From: Stella Dextre Clarke <stella@lukehouse.org>
Date: Sat, 16 Nov 2013 20:36:59 +0000
To: "ZENG, MARCIA" <mzeng@kent.edu>
CC: "vladimir.alexiev@ontotext.com" <vladimir.alexiev@ontotext.com>, "public-esw-thes@w3.org" <public-esw-thes@w3.org>, "L.Will@willpowerinfo.co.uk" <L.Will@willpowerinfo.co.uk>, Joan Cobb <JCobb@getty.edu>, "PHarpring@getty.edu" <PHarpring@getty.edu>, "Garcia, Gregg" <GGarcia@getty.edu>
Message-ID: <5287D76B.9070905@lukehouse.org>
On 16/11/2013 17:25, ZENG, MARCIA wrote:
> Hi, Stella, There have been two threats going on for the same
> questions.
Hopefully they are Threads rather than Threats :-)
But yes it's hard to reply to any of it without feeling a bit lost.
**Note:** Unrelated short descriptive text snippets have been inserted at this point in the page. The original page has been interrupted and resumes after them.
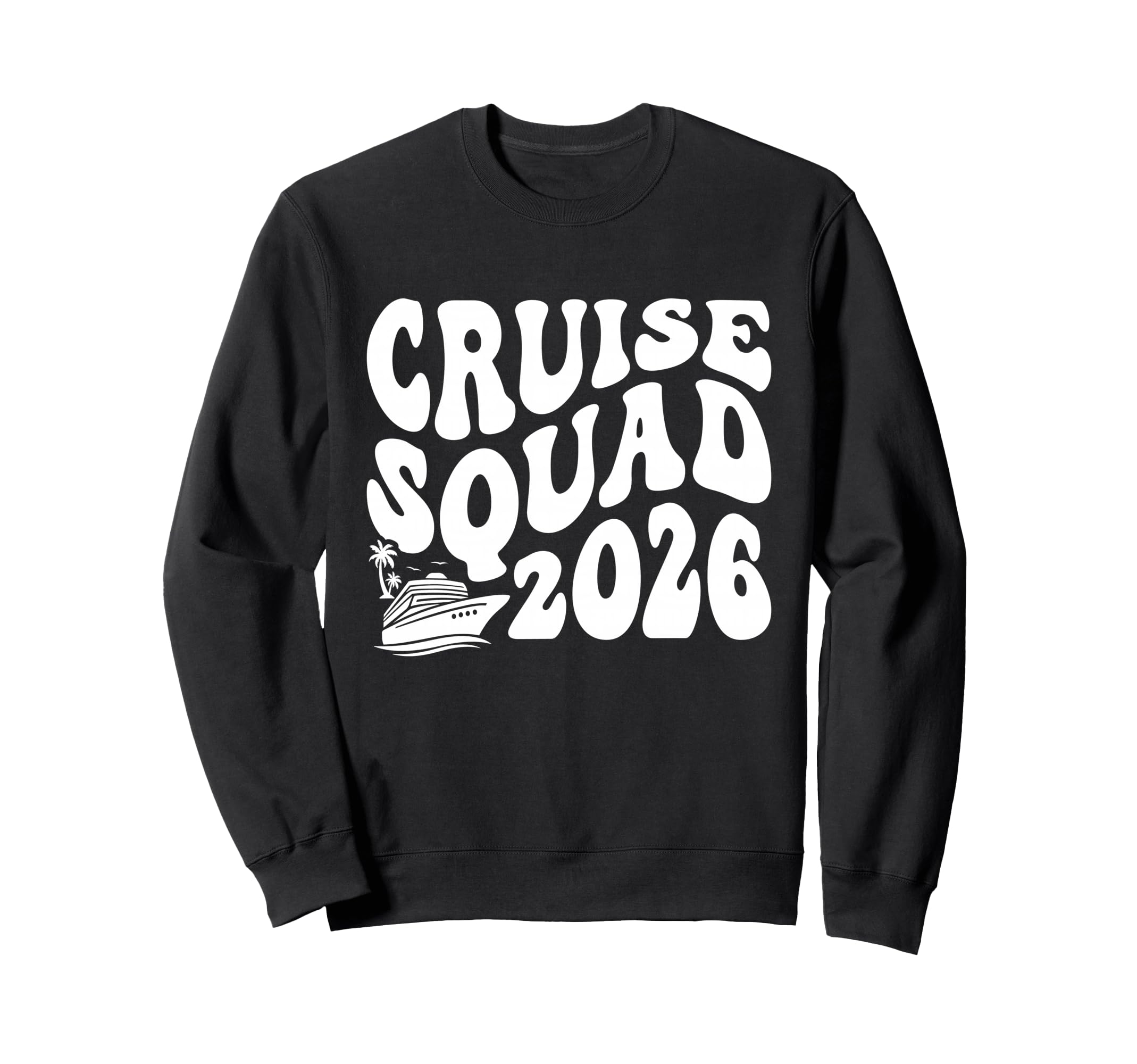 Cruise Squad 2026 Summer Vacation Sweatshirt - Trendy Graphic Men Women - T-Shirt, Sweatshirt, Hoodie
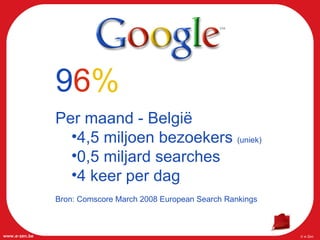 9 6 % Per   maand - België 4,5 miljoen bezoekers  (uniek) 0,5 miljard searches 4 keer per dag Bron: Comscore  March 2008 European Search Rankings   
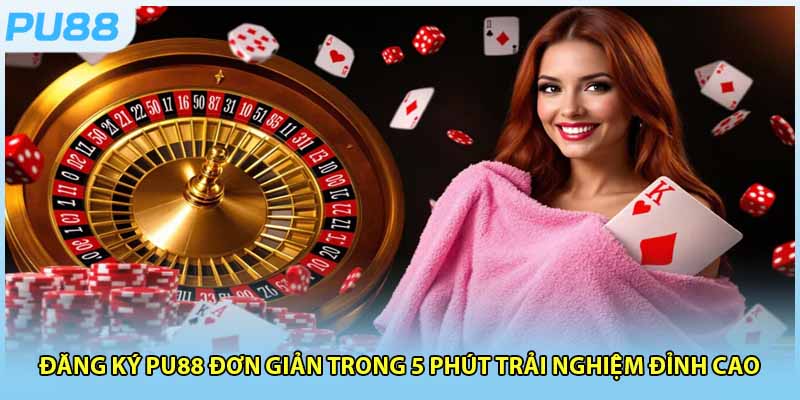 ĐĂNG KÝ PU88 Đơn Giản Trong 5 Phút Trải Nghiệm Đỉnh Cao
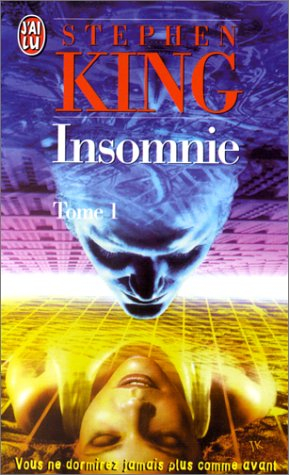 insomnie, tome 1. vous ne dormirez jamais plus comme avant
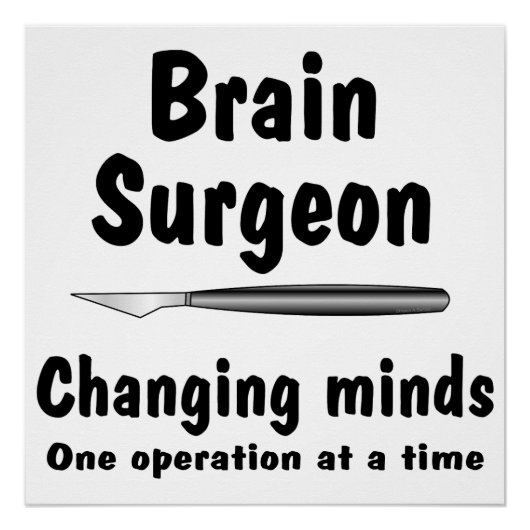 Brain Surgeon Perfect Poster (Voorkant)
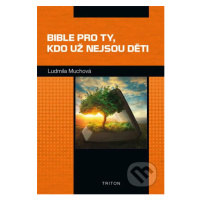 Bible pro ty, kdo už nejsou děti - Ludmila Muchová - kniha z kategorie Pro děti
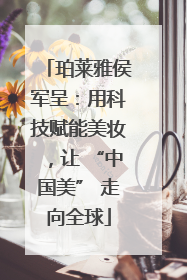 珀莱雅侯军呈：用科技赋能美妆，让 “中国美” 走向全球
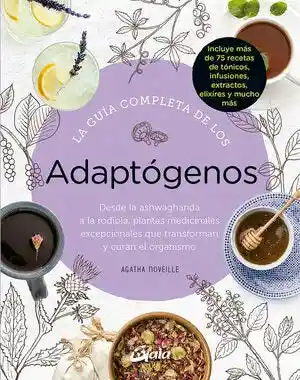 La Guia Completa de Los Adaptogenos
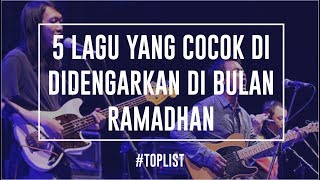 5 Lagu yang cocok di dengarkan di bulan Ramadhan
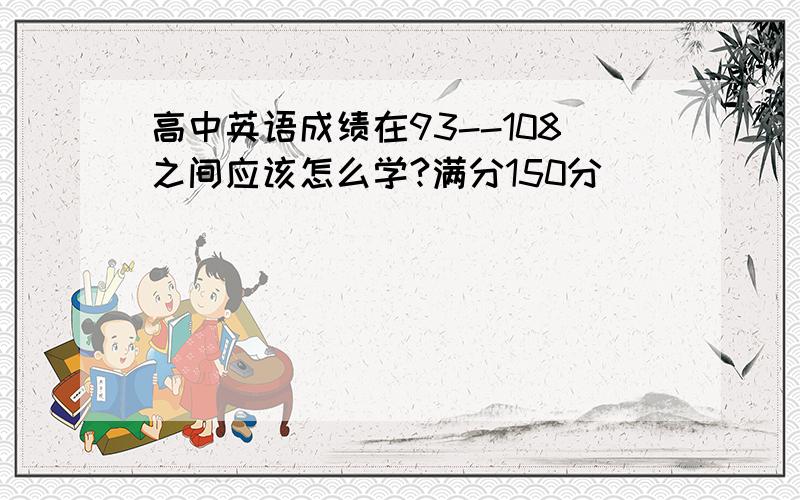 高中英语成绩在93--108之间应该怎么学?满分150分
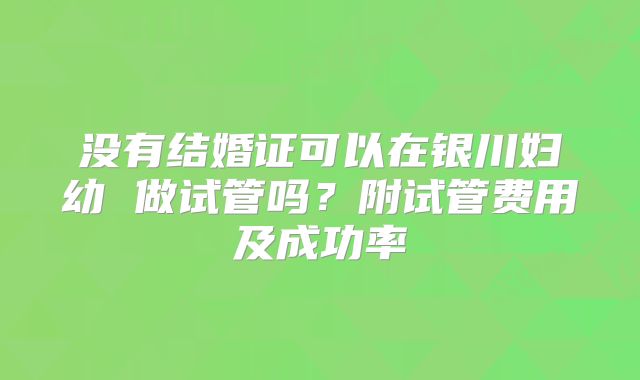 没有结婚证可以在银川妇幼 做试管吗?附试管费用及成功率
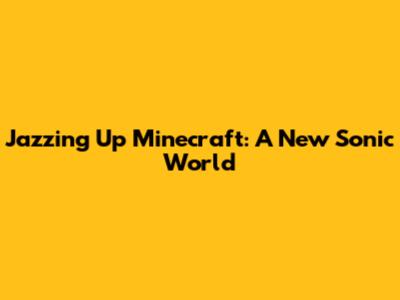 Jazzing Up Minecraft: A New Sonic World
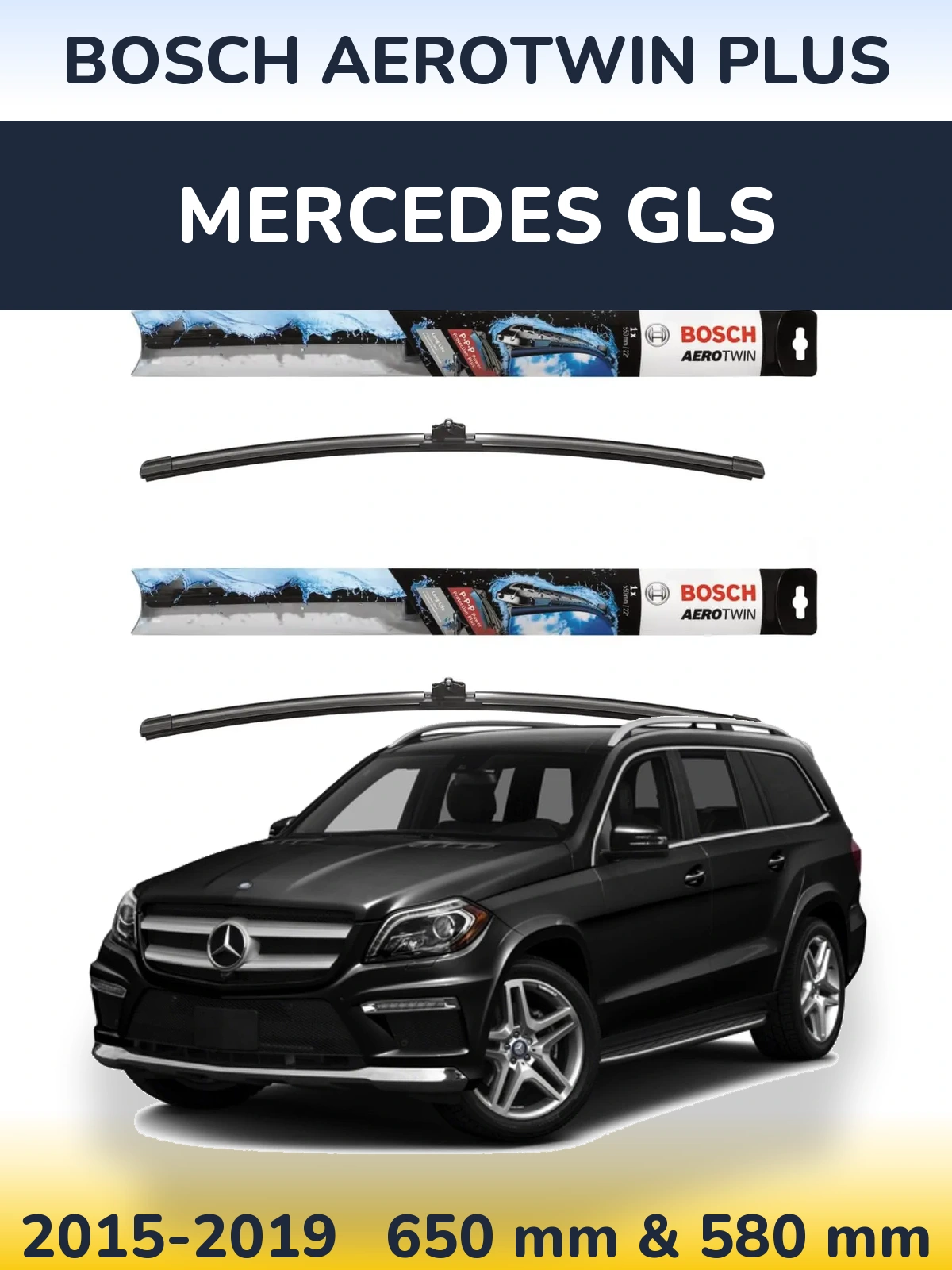 Front wiper blade set BOSCH AeroTwin Plus 650 & 580 mm for Mercedes GLS 2015-2019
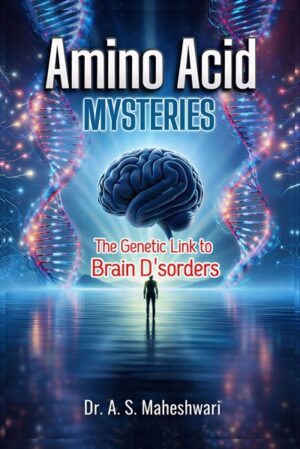 Amino Acid Mysteries: The Genetic Link to Brain Disorders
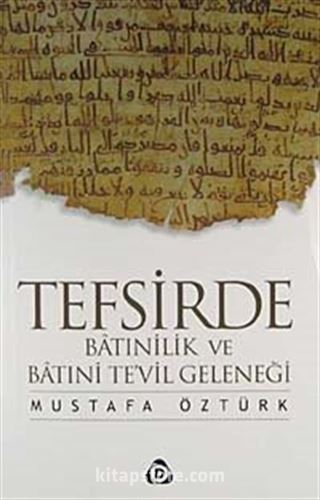 Tefsirde Batınilik ve Batıni Te'vil Geleneği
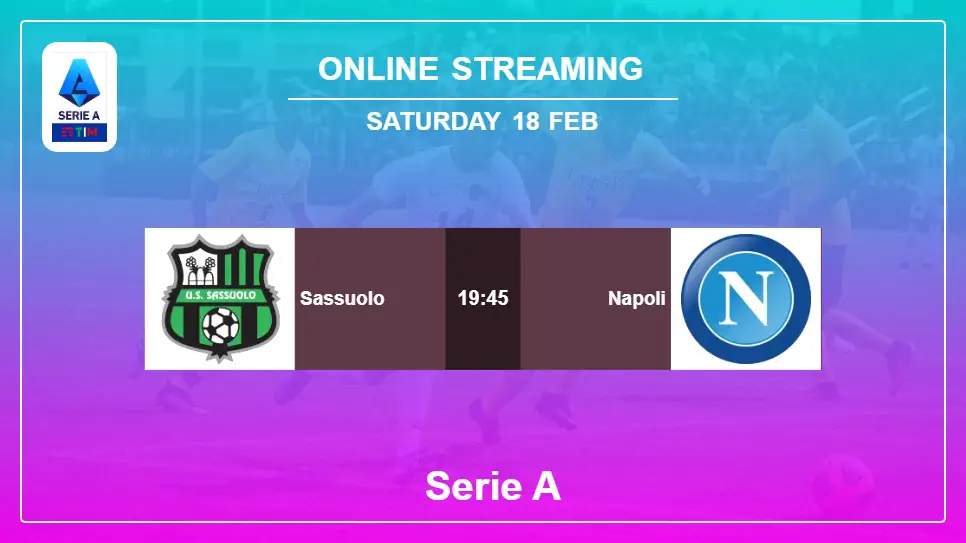 Sassuolo-vs-Napoli online streaming info 2023-02-18 matche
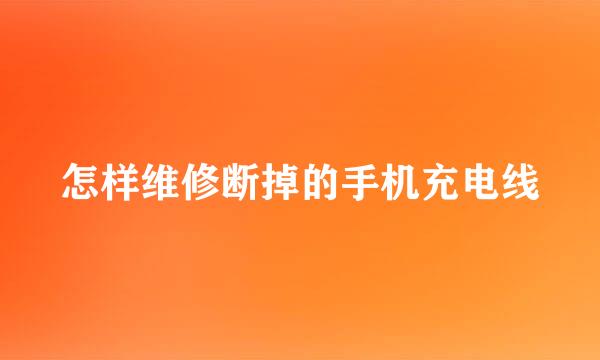 怎样维修断掉的手机充电线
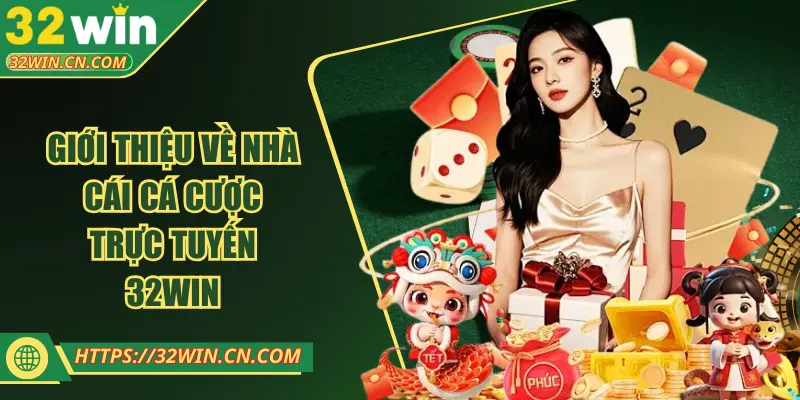 Giới thiệu về nhà cái cá cược trực tuyến 32WIN
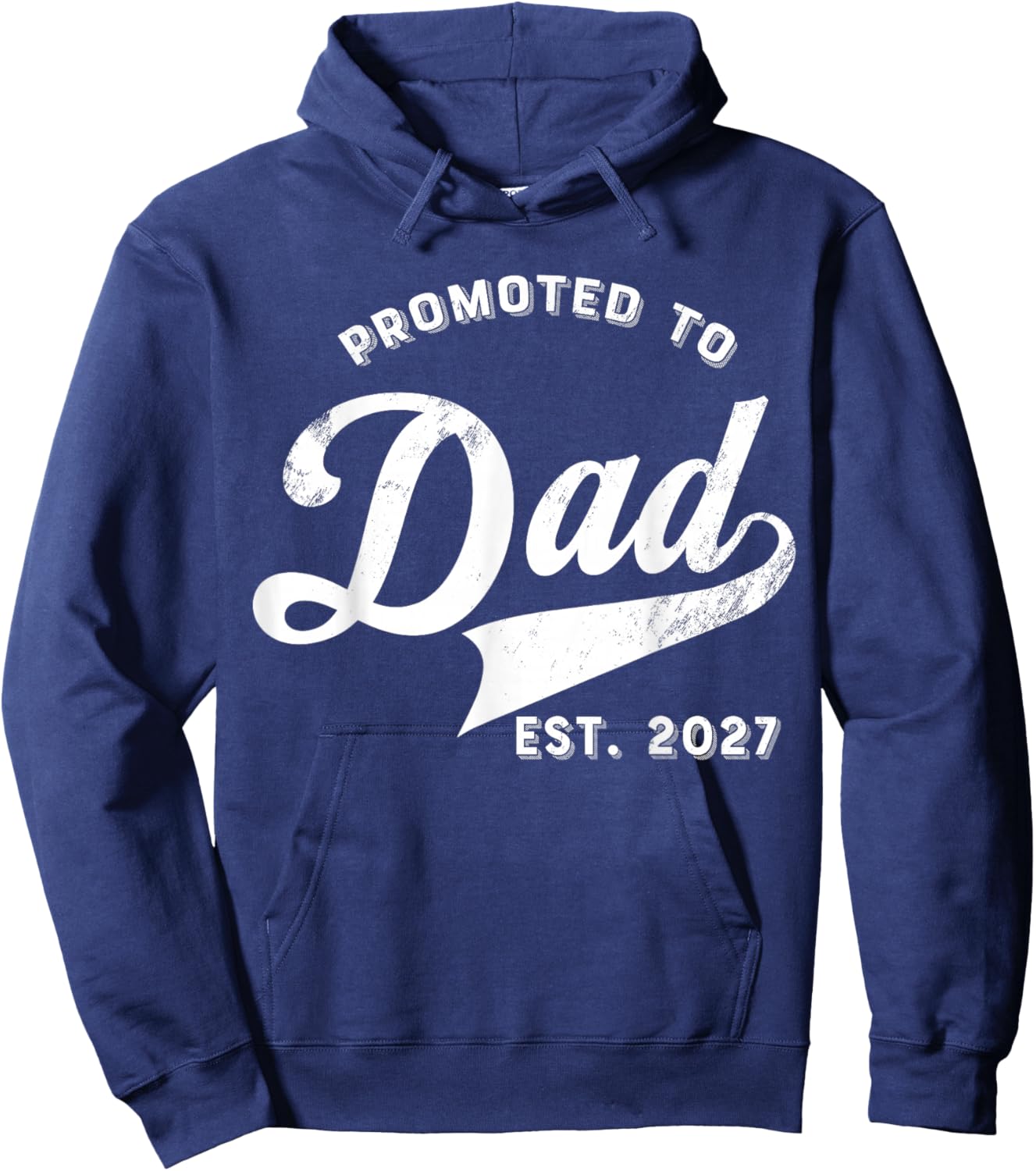 New Dad Promoted to Dad 2027 Hoodie - Hoodie | Navy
 > I am including all of them in this thread so they could see what you
 > suggested to Vladimir.
> I summarize two sorts of issues:
>
> Issue 1. Regarding ordered siblings. As I indicated before, 'ordered
> children' is the 'ordered siblings' issue. Patricia explained
> clearly: (1) In AAT, the siblings are by default alphabetical except
> if another order is strongly warranted (e.g., due to a time-based
> orientation, in cases where it would be confusing and seem wrong to
> expert end-users if the order were alphabetical). (2) The order is
> coded in the database, so the siblings being either a) alpha or b)
> forced. (3) Gregg did the scan of those ordered siblings. They are
> spread among 194 families, total about 2000 individuals.
I don't believe there is any issue or problem about ordering. It's a 
great feature, when you have the resources to apply it.
>
> I did not follow through the final decision after we indicated that
> skos:notation does not apply in AAT's case. However I think this
> still needs to be addressed and implied correctly: In principle, AAT
> does not employ a notation system, like almost all thesauri. The
> identifiers used by Gatty Vocabs do not possess semantics or
> systematic ordering meanings. Re: Vladmir's reply "I think that [AAT]
> identifiers quite match the definition of skos:notation given in the
> SKOS Primer and SKOS Reference (they don't say a notation should be
> sortable)." November 11, 2013 12:06 PM.  Now I think the meaning of
> skos:notation is broader than the best practices in structured
> vocabularies because we always think of a notation system (where
> 'system' implies the minimum characteristics). But in terms of
> definitions, both ISO 25964's and SKOS definitions did not emphasize
> on the systematic part. Maybe this could be re-visited?
I don't believe there is much problem here either. The ISO 25964 
definition of notation is supported by examples that make it pretty 
clear. Maybe the SKOS definition could be improved (but I hope to be 
lazy and leave that to someone else!) If any work is to be done, it 
should be in the context of standardizing classification schemes rather 
than thesauri.
>
> Issue 2. Regarding the node labels (and guide terms) I sent some
> suggestions last weekend, similar to yours regarding node labels and
> guide terms, after the discussions in the third threads among
> skos-iso members, especially Leonard's suggestions. I also sent the
> extracted definitions/explanations from ISO 25964-1 for some of the
> concepts discussed. My suggestions were: (1) Treat true node labels
> as node labels, keep one preferred in each language, no alternative
> label for any language. (--That was one of the questions.) (2) Some
> of the guide terms are clear concepts and AAT team is already dealing
> with them. (3) Some other guide terms are representing very general
> concepts but AAT does not want to use in indexing. I consider they
> are the labels for general concepts. (This is similar to your
> suggestion, Stella, right? "One workaround might be to ignore all
> those angle brackets and treat all the guide terms as true
> concepts.")
Marcia, it's plain that Getty has a project under way for dealing with 
node labels and I don't know enough about it to comment. My remarks 
about workarounds  were pretty limited, since I don't know what size of 
budget/workforce is available to overhaul the whole thesaurus. Your 
categories (1) and (2) sound straightforward enough, provided someone 
has the time/resource to sort them all out. But as for category (3) - 
general concepts - I'd prefer to look at some specific examples before 
making any suggestions. (The workaround you have quoted above is not one 
I'd really recommend, for the reason explained in my original message.)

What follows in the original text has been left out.